Like a busy restaurant kitchen, our cells depend on well-organized working spaces to assemble the “recipes” that keep the body healthy. When these spaces are disrupted, important functions like gene regulation and DNA repair can go awry, promoting diseases such as cancer and neurodegeneration.
UT San Antonio scientist David Libich, PhD, associate professor in the Department of Biochemistry and Structural Biology at the Joe R. and Teresa Lozano Long School of Medicine and the Greehey Children’s Cancer Research Institute, recently received a five-year, $2.1 million Maximizing Investigators’ Research Award from the National Institute of General Medical Sciences to study how certain proteins form these organizational hubs and what happens when things do not go according to plan.
Inside biomolecular condensates
In the body, these working spaces are called biomolecular condensates. They form inside cells at the right place and time to carry out specific tasks. Rather than being enclosed by a permanent membrane, they are held together by weak, reversible interactions between proteins and nucleic acids that disperse when the job is done. When condensates fail to form, or form at the wrong time, essential cellular functions can be disrupted, promoting disease.
The role of “floppy” proteins
Libich has long been interested in a class of proteins called intrinsically disordered proteins, which do not fold into fixed shapes like most proteins. Once thought to be unimportant, scientists now recognize that these “floppy” proteins play key roles in many cellular functions and disease processes. They are also central to the formation of biomolecular condensates.
The composition and physical properties of these condensates directly influence which molecules they recruit and what reactions take place.
“This means that the material behavior of a condensate is not just a biophysical curiosity — it is a regulatory mechanism that cells use to control their most essential functions,” Libich said.
How condensates control cellular activity
Libich’s team will investigate how cellular signals trigger physical changes in condensates, allowing them to transition between processes such as gene regulation, DNA repair and RNA processing, as well as what happens when this communication breaks down.
Targeting EWS in cancer
The work will specifically focus on EWS, an RNA-binding protein involved in transcriptional regulation and RNA processing within condensates. In Ewing sarcoma, a devastating bone cancer that primarily affects children and young adults, part of the EWS gene fuses with another gene, creating an abnormal fusion protein. This fusion protein hijacks condensate processes, disrupting DNA repair and gene expression regulation, which can lead to tumor growth.

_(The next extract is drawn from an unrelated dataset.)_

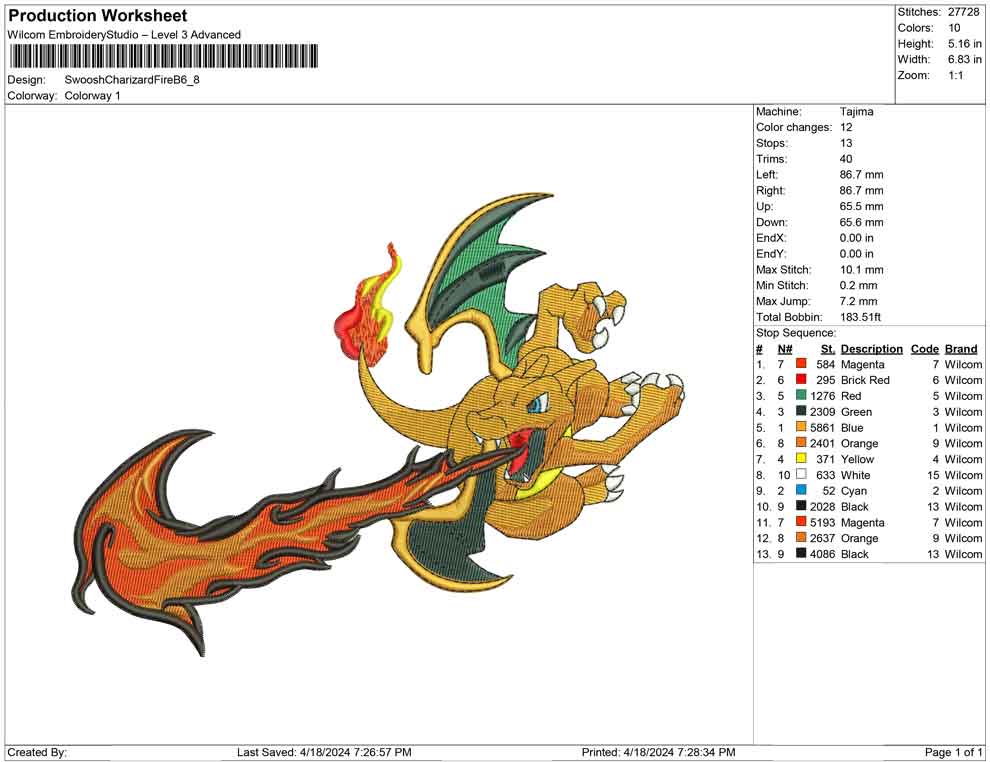 Swoosh Charizard Fire B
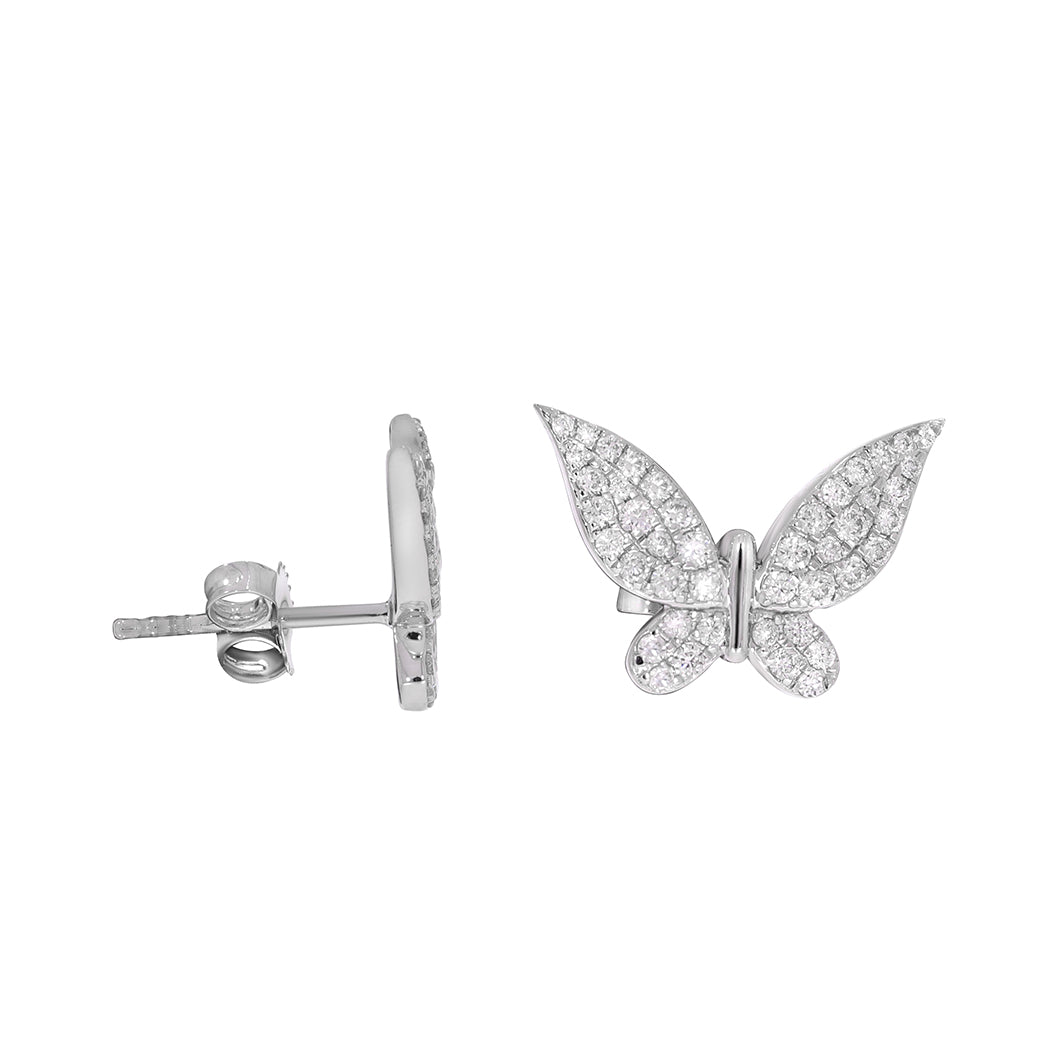 0.40 Ct GH/SI Natural Diamond Butterfly Shape Stud Earrings In 14K White Gold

“By studying how normal EWS and its cancer-related fusion protein behave within condensates, we can learn how changes in protein disorder and condensate properties contribute to disease and potentially identify vulnerabilities that could be targeted therapeutically,” Libich said.
Investigating BRCA1 and DNA repair
The research team will also study the cancer-associated gene BRCA1 and its partner, BARD1. Mutations in this gene greatly increase the risk of breast, ovarian and other cancers. BRCA1 plays a central role in repairing a dangerous type of DNA damage known as double-strand breaks.
The team will examine how BRCA1–BARD1 is regulated during active gene transcription and how it moves between transcription condensates and DNA damage sites. By understanding how it is directed, researchers may gain new insight into why certain BRCA1 mutations are more harmful and identify new therapeutic targets.
Opening the door to new therapies
Libich said that uncovering the molecular rules governing condensate formation could open the door to an entirely new class of therapeutic targets. A predictive understanding of condensate function could reshape research into diseases linked to condensate dysfunction, including many cancers, amyotrophic lateral sclerosis, Alzheimer’s disease and other neurodegenerative conditions.
“Rather than targeting a single enzyme or receptor, we could potentially modulate the physical behavior of condensates themselves,” he said. “This could prevent harmful condensates from forming in cancer or restore normal condensate function in neurodegeneration.”
Supporting long-term discovery
“Condensate biology is a rapidly evolving field, and the ability to follow the science where it leads is what the Maximizing Investigators’ Research Award was designed to enable,” Libich said.
Unlike most traditional NIH awards that fund a specific project, Libich’s multi-year award supports his overall research program. This provides stability and allows the team to build on their findings and pursue bold, unexpected directions.
“The path from fundamental discovery to patient impact takes time, but it begins with asking the right questions at the molecular level. Every major advance in treating cancer, neurodegeneration and genetic diseases is built on this kind of basic research — and that is what this work aims to provide,” Libich said.